While the general trajectories of the conditional re-sampled paths of Boonah were congruent with the observed data throughout the ship’s journey, a notable difference is clear following arrival at the Quarantine Station, presumably due to some phenomena or activity that is not structurally captured in our model. For the conditional re-sampled paths and re-sampled paths, we calculated the median of the predicted peak day to be 13 [(12, 14) 25% and 75% quantiles] and 9 [(7, 11) 25% and 75% quantiles] respectively. The observed peak was on day 13. Within the observed outbreak, the infections on board started to appear after the fifth day of departure from the port of the presumed source of infection. However, even with our initial condition of one exposed person, the re-sampled paths implied that the outbreak most likely would have taken off as soon as the ship departed that port, and the outbreak most likely would have died out by the time the ship reached the Quarantine Station. Our hypotheses for these discrepancies in the conditional re-sampled and re-sampled paths are explored in the Discussion.

For Devon, the general trajectory for conditional re-sampled paths was in agreement with the observed data and the re-sampled paths have more variation. Furthermore, as time-series data for both crew and passengers for the ship were available, we were able to separately compare these paths with the observed data for the two groups (see S1 Text).

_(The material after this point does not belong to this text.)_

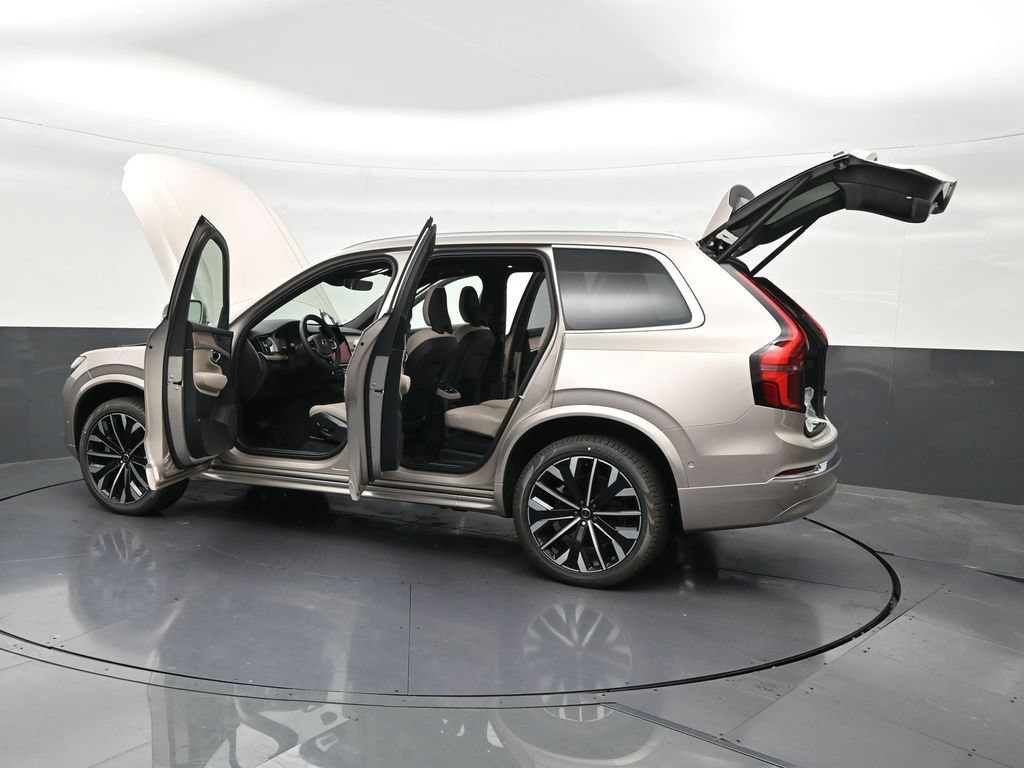 New 2026 Volvo XC90 T8 Plus w/ Protection Package Premier AWD/4WD image 32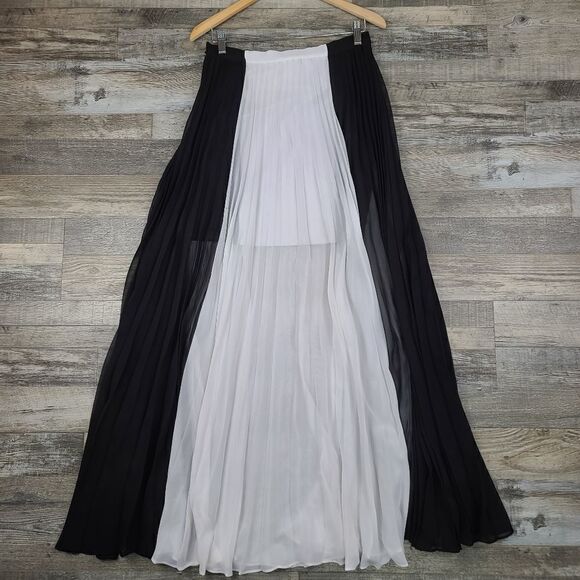 Bebe Pleated Colorblock Maxi Skirt size S - Picture 3 of 7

For Manuka, time-series data were only available after the ship arrived at the Quarantine Station, that is, from day 8. The day of the observed peak or the peak size is not available. From day 8, the conditional re-sampled paths corresponded well with the observed data and the re-sampled paths display more variation. Both types of re-sampled paths indicate that the epidemic likely took off as soon as Manuka left its port of the presumed source of infection. The median peak infection size was 8 [(5, 11) 25% and 75% quantiles] and 8 [(7, 9) 25% and 75% quantiles] for conditional re-sampled re-sampled paths respectively, and the median peak day was 5 [(4, 7.5)25% and 75% quantiles] and 5 [(4, 6) 25% and 75% quantiles] for conditional re-sampled and re-sampled paths respectively.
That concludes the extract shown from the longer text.